Page MenuHomePhabricator

cloudvps: eqiad1: review floating IP mechanisms
Closed, ResolvedPublic

Description

It has been detected that allocating a new floating IP address using horizon for the new eqiad1 deployment results in neutron allocating 3 different addresses, for example 185.15.56.13, 10.64.22.2, 10.64.22.3.
Only the first address belongs to the proper pool, the other two belong to the transport subnet.

So we suspect there is a misconfiguration somewhere and neutron doesn't know which pool to use for floating IPs.

Event Timeline

My initial thinking follows.

1-- architecture:
The high level neutron network object wan-transport-eqiad contains 2 subnets:

  • one for transport 10.64.22.0/24 (subnet object name: cloud-instances-transport1-b-eqiad)
  • one for floating IPs 185.15.56.0/25 (subnet object name: cloud-eqiad1-floating)

Floating IPs should be only allocated from the public range subnet.
I don't find a way to tell neutron what's the difference between the 2 subnets (the transport WAN and the floating WAN) and to forbid allocation from the transport WAN.
Some ideas:

  • re-create the transport WAN subnet hacking the CIDR so neutron thinks this is already full/no allocation possible (i.e, use something like 10.64.22.0/30)
  • don't have this transport WAN subnet object at all. This may impact the HA of the ingress, since the main IP of the router is in this subnet and handled by neutron to be in HA. This may require changes in the core routers as well.

2-- horizon
Horizon doesn't allow to specify a concrete subnet. Rather it uses the higher level network object, and in our case this contains 2 subnets objects:

alloc.png (370×757 px, 21 KB)

In fact, the command line has this option: neutron floatingip-create [...] [--subnet SUBNET_ID] FLOATING_NETWORK
(note, the network object is mandatory, the subnet object is optional)

In the future, we may have more available public ranges for floating IP allocations, so I think horizon should let choose between subnet objects rather than high level network objects.

(related docs: https://wikitech.wikimedia.org/wiki/Portal:Cloud_VPS/Admin/Neutron#example)

I'm not sure what the impact of changing cloud-instances-transport1-b-eqiad would be. In theory there are no available floating IPs in the 10.64.22.0/24 pool afair? My understanding was you had to not only have available IPs but mark them as part of an available float pool. So I'm confused on what's getting allocated there. Either I misunderstand or horizon and neutron are doing something really weird or both. Getting rid of cloud-instances-transport1-b-eqiad entirely probably has a whole other host of issues but isn't necessarily impossible.
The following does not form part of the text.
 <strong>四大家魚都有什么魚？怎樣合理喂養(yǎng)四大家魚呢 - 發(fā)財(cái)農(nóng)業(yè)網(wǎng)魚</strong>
My vote would be hardcoding available SUBNET_IDs in horizon somehow and/or figuring out how to tell Neutron that only certain subnets are user allocateable. It feels like that functionality should exist natively but maybe it's not yet present in Mitaka.

so I think horizon should let choose between subnet objects rather than high level network objects.

hardcoding in horizon what subnet users are allowed for floating IPs seems like the best of breed current hack? If that's easy enough to mimic the CLI calls.

aborrero triaged this task as Medium priority.Aug 21 2018, 4:15 PM

Mentioned in SAL (#wikimedia-cloud) [2018-08-23T13:08:06Z] <arturo> T202115 root@cloudcontrol1003:~# neutron subnet-update --allocation-pool start=10.64.22.254,end=10.64.22.254 e4fb2771-a361-4add-ac4e-280cc300c59f

Mentioned in SAL (#wikimedia-cloud) [2018-08-23T13:10:28Z] <arturo> T202115 (was {"start": "10.64.22.2", "end": "10.64.22.254"} )

Mentioned in SAL (#wikimedia-cloud) [2018-08-23T13:15:13Z] <arturo> T202115 root@cloudcontrol1003:~# neutron subnet-update --allocation-pool start=10.64.22.4,end=10.64.22.4 e4fb2771-a361-4add-ac4e-280cc300c59f

It seems that restricting the allocation pool to 1 IP address (already assigned to the virtual router itself) prevents Neutron from creating floating IPs from this subnet.
What a hack, but it may work...

@Andrew could we understand this issue as solved?

For the record, solution was to restrict the allocation pool to 1 IP which is already assigned.

Feel free to reopen if more issues or questions appears.